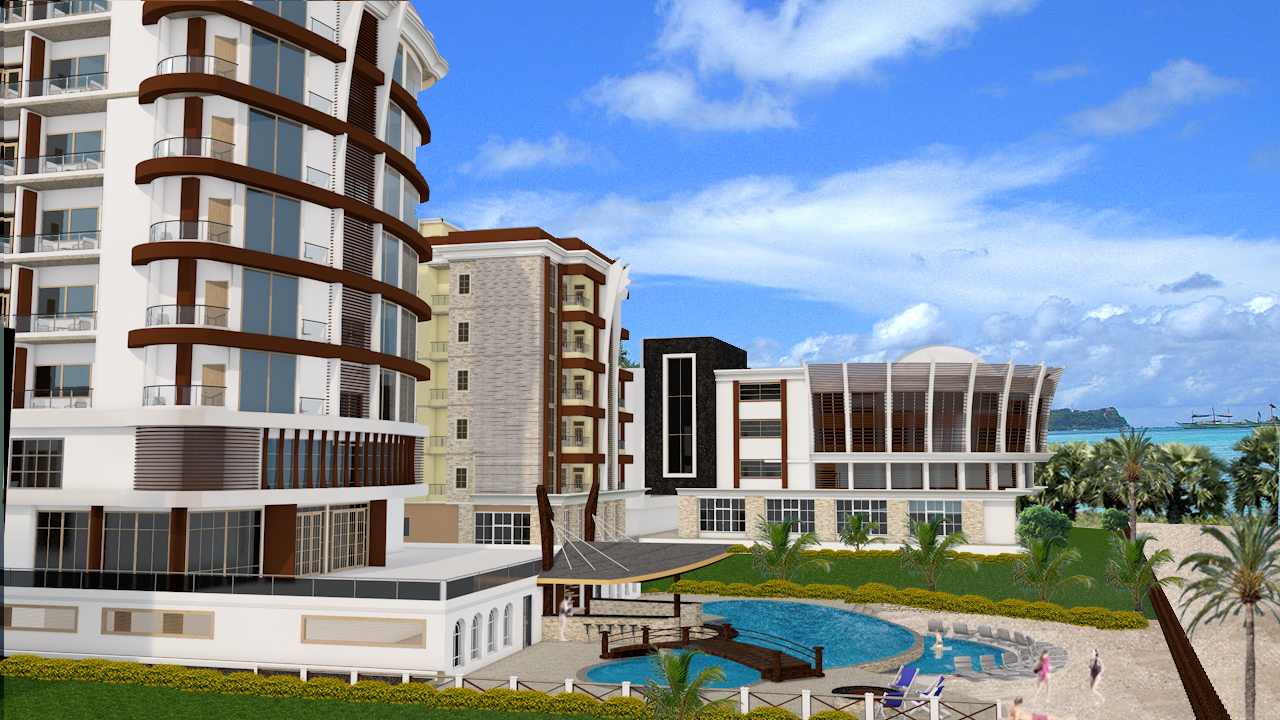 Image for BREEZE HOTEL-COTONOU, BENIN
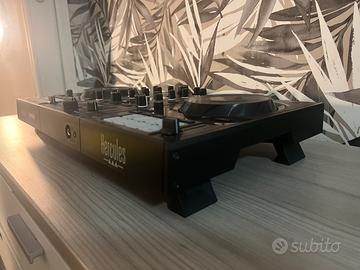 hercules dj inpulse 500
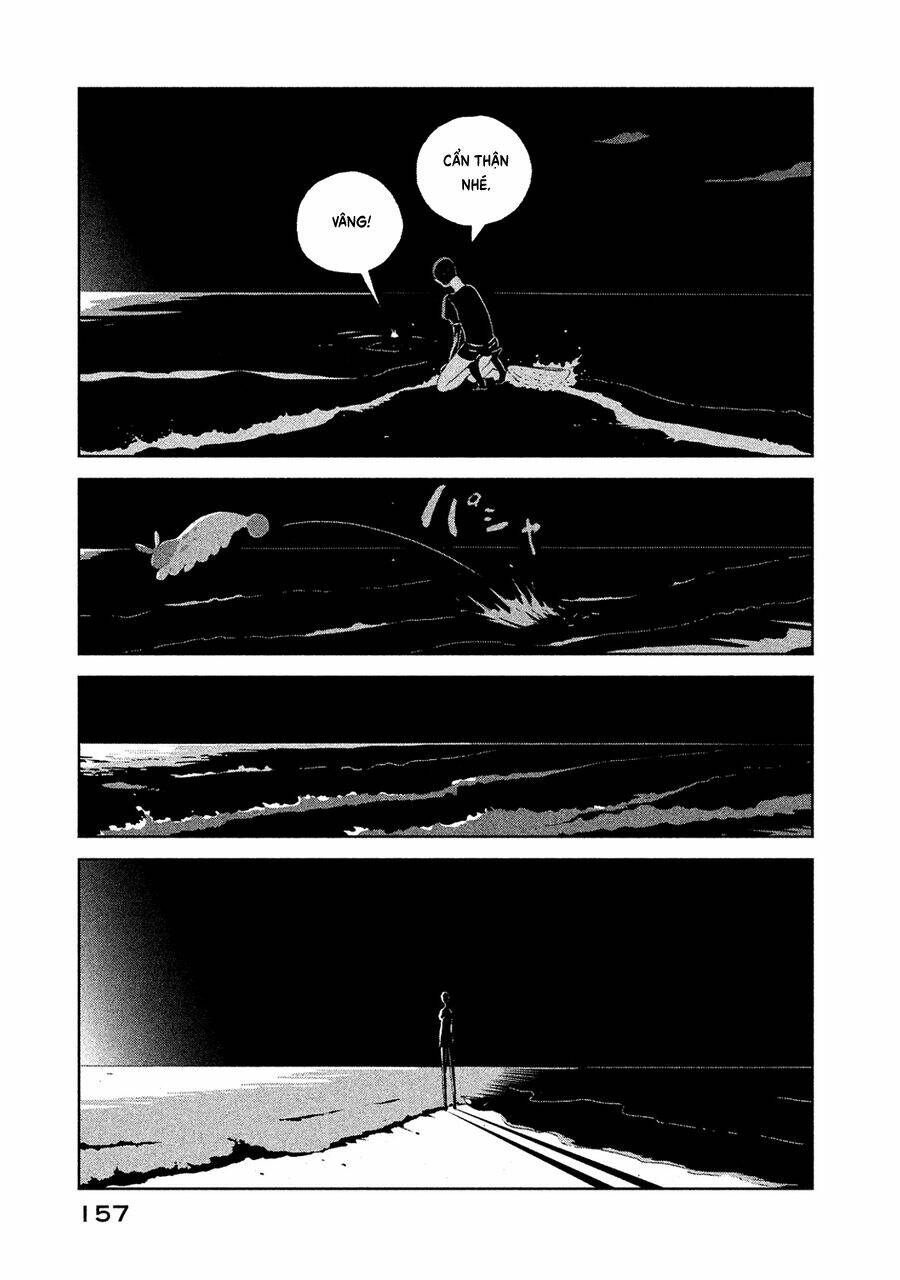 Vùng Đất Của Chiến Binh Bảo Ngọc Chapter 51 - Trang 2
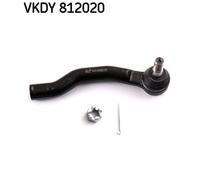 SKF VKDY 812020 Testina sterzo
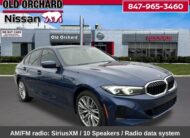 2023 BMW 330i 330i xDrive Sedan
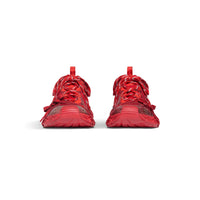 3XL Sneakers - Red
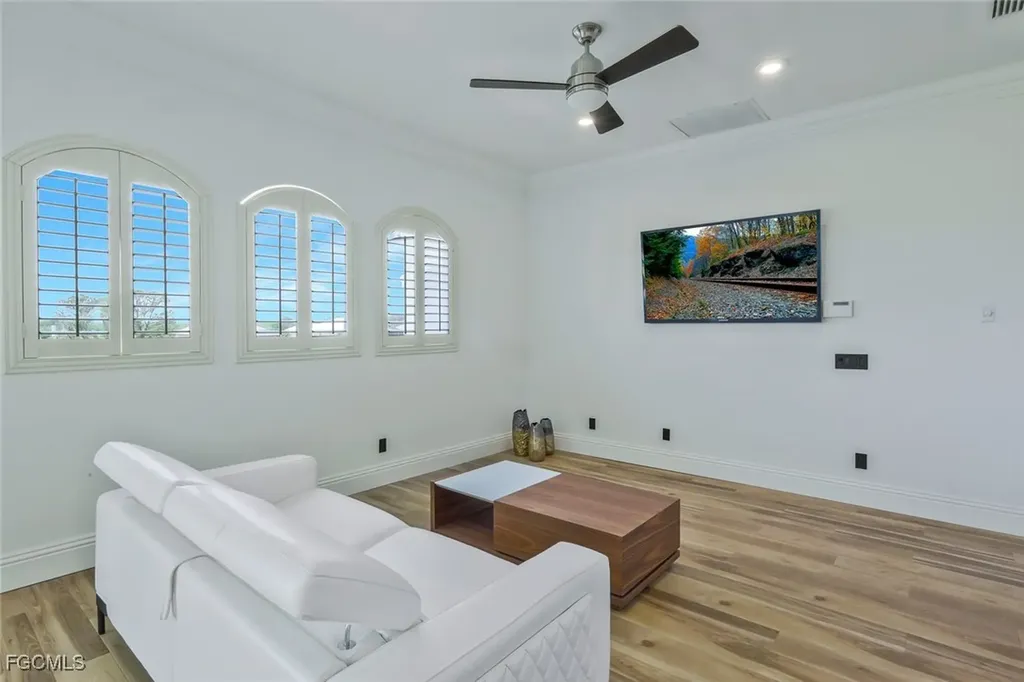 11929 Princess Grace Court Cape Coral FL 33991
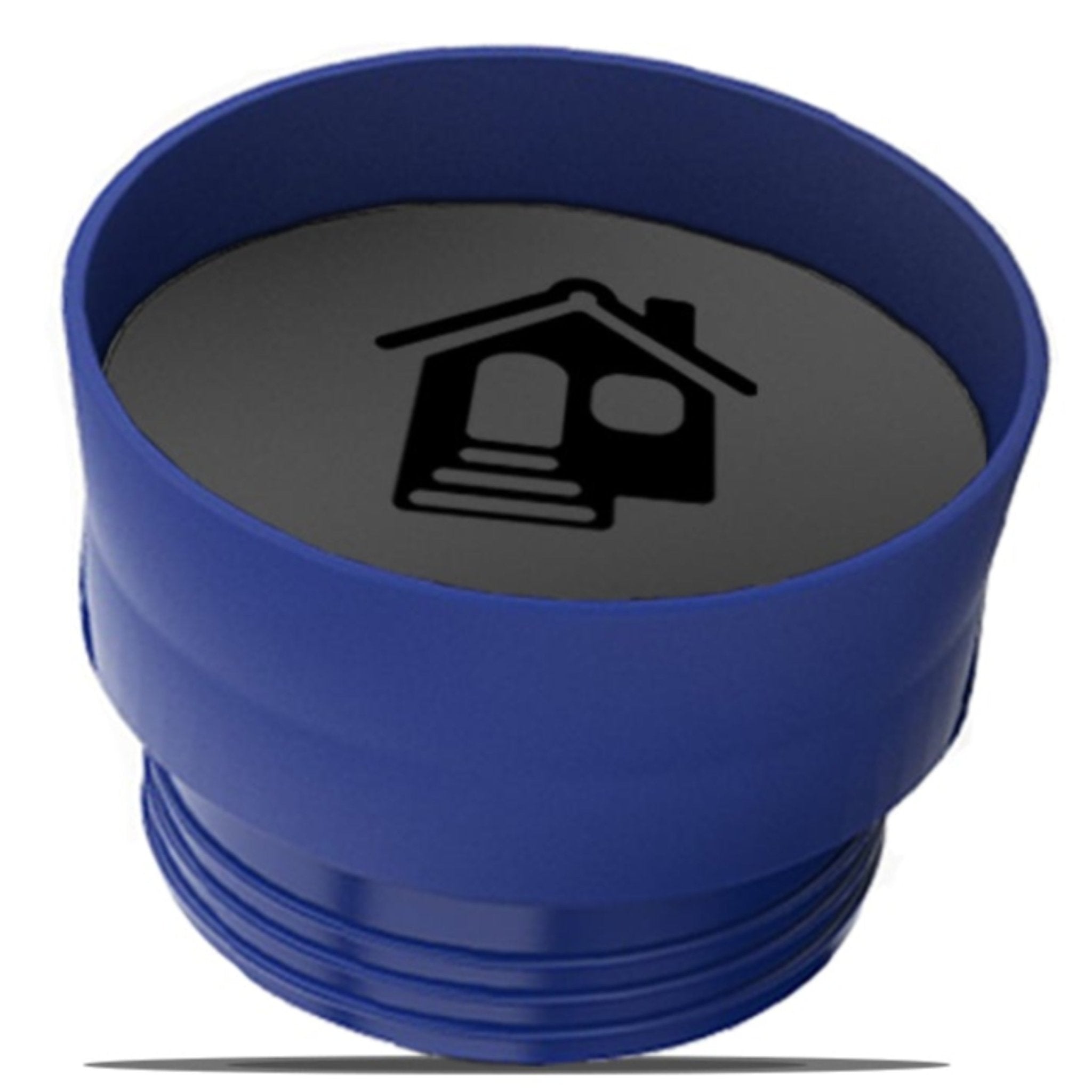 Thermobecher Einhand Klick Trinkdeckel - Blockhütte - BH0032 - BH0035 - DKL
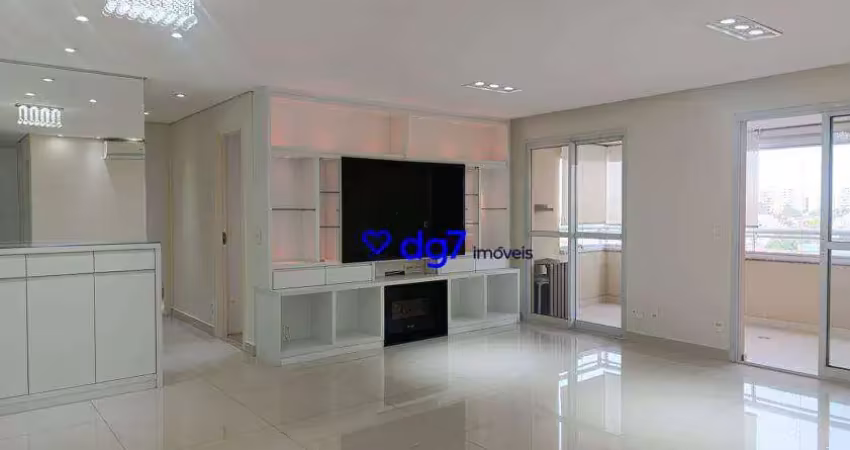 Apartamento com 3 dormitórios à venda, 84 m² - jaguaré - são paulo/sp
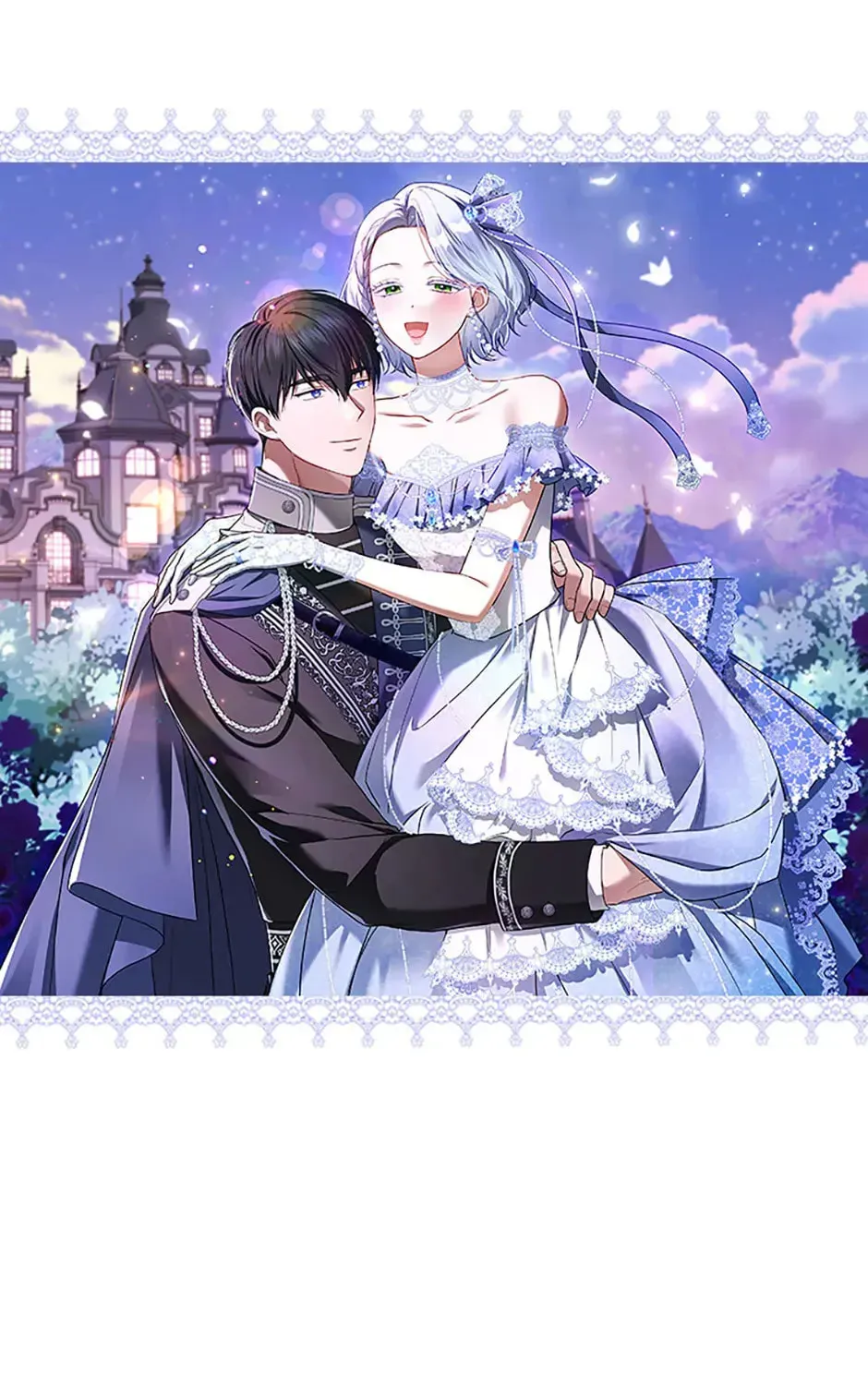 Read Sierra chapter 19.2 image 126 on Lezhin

• [What the task requires] In your copy of the material, match every word exactly and include no pictures.

• [Response]
 Image for BREEZE HOTEL-COTONOU, BENIN
 hercules dj inpulse 500
 Vùng Đất Của Chiến Binh Bảo Ngọc Chapter 51 - Trang 2
 SKF VKDY 812020 Testina sterzo
 2023 BMW 330i 330i xDrive Sedan
 3XL Sneakers - Red
 11929 Princess Grace Court Cape Coral FL 33991
 Thermobecher Einhand Klick Trinkdeckel - Blockhütte - BH0032 - BH0035 - DKL
 Apartamento com 3 dormitórios à venda, 84 m² - jaguaré - são paulo/sp
 Read Sierra chapter 19.2 image 126 on Lezhin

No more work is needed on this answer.